Or just name the zones based on the offset. So NY would be -5. We could for humans write time with the ecoding, similar to ISO-8601, but it would just be 15:30-5 for 3:30pm EST.

While we're at it. Can we make all the months standard lengths too? 30 day months, with 1 New Year's Day (for a fun party) and every four years a bonus New Year's Day! For an especially big party :)

Edit: as stated below I screwed up my (basic) math. 13 months 28 days is better. What should we call the 13th month?

14 comments

Your math doesn't work out there though. If we had 30 day months, we would end up with 360 days spread among 12 months, and an extra 5 days leftover.

28 day months make far more sense, would align nicely with your proposed single New Year's day, and have the added bonus of aligning with our 7-day week system quite nicely. This ends up with 13 months altogether, and hey, it turns out that 28 days is closer to a lunar cycle, so the full moon would end up happening at roughly the same time every month. Not perfectly of course, but with the chaos that is our solar system, I'll take what I can get. https://en.wikipedia.org/wiki/International_Fixed_Calendar

That first example (12 30 day months with 5 or 6 days outside months) was actually used in practice in post-revolutionary France (and again during the Paris Commune). I'm not sure keeping 7-day weeks is really a plus -- the French Revolutionary calendar used 10-day "decades" which align with the metric system. https://en.wikipedia.org/wiki/French_Republican_Calendar
I will just point out for the benefit of those who run Emacs and haven't yet discovered it, that in calendar mode, "p f" will tell you, for example, that November 7, 2016 is 17 Brumaire, year 225 of the revolution.
Metric? Yeah... us Americans would never go for that garbage... :)
But you do.. Sort of. One of the original signatories of the treaty of the metre, and all of your silly units for length and mass at least are defined in terms of SI units as of 1959 [1] [2].

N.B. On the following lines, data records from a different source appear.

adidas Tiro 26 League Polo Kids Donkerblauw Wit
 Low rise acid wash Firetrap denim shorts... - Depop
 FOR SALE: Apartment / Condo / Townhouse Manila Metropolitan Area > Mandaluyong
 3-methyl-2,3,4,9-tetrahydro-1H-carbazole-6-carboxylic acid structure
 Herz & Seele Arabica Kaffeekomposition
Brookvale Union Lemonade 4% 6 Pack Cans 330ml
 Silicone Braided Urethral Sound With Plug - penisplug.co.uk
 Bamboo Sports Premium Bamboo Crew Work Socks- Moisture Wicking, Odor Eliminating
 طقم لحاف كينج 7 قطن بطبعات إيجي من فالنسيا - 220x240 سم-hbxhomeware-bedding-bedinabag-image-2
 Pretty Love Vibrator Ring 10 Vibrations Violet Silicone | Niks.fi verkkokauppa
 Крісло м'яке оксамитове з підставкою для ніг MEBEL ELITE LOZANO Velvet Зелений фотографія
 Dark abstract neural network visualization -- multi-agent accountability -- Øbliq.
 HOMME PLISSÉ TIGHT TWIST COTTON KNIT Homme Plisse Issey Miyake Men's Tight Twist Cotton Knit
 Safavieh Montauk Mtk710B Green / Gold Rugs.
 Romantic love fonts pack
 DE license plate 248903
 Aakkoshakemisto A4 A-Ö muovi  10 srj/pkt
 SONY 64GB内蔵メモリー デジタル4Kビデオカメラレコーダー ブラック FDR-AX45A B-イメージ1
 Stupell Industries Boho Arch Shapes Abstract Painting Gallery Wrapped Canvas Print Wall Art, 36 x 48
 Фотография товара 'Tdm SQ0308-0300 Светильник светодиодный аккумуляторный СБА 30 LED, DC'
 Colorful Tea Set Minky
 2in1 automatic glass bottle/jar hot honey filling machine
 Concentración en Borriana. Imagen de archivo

So when you give someone an inch, you're specifically giving 25.4mm ;)

[1] https://www.nist.gov/pml/weights-and-measures/si-units-lengt...

[2] https://www.nist.gov/sites/default/files/documents/pml/wmd/m...

I think you mean "we Americans..."

And yeah. I mean 10 is only divisible by 2 and 5 where 12 is much more flexible in giving us 2, 3, 4, and 6. At least that was my grandfather's argument.

I annoying need to keep Metric and Standard wrenches and such for working on various things. Eventually it won't matter as the US will mostly source parts built over-seas where it will only make sense to adopt metric. And then the Standard system will only be left on road signs and temeratures, oh that's pretty much already happened.

> 10 is only divisible by 2 and 5 where 12 is much more flexible in giving us 2, 3, 4, and 6.

Now that is some good ole American ingenuity :)

Americans do come up with the best dumb arguments why their busted idiotic system is better.

My "favorite" is "Well farenheit just makes more sense for humans".

Ah. I screwed up my math. 28 sounds perfect.

I rely on unit tests for this stuff these days ;)

Why having (7-days) "weeks" at all? Divide 28 into 7 groups of 4 days each and use these. Three days of work followed by one off, how does it sound?
Like something that is not going to happen. Religious days are the reason we have weekends where they are. They are not going to change because "why not have 4 day weeks".
Religious groups may stay with their own calendar if they wish, it wouldn't be the first nor the last thing kept conservative out of religious reasons. The secular society, however, may look for whatever works best.
Actually, in ETHIOPIA, it already is 13 MONTHS always!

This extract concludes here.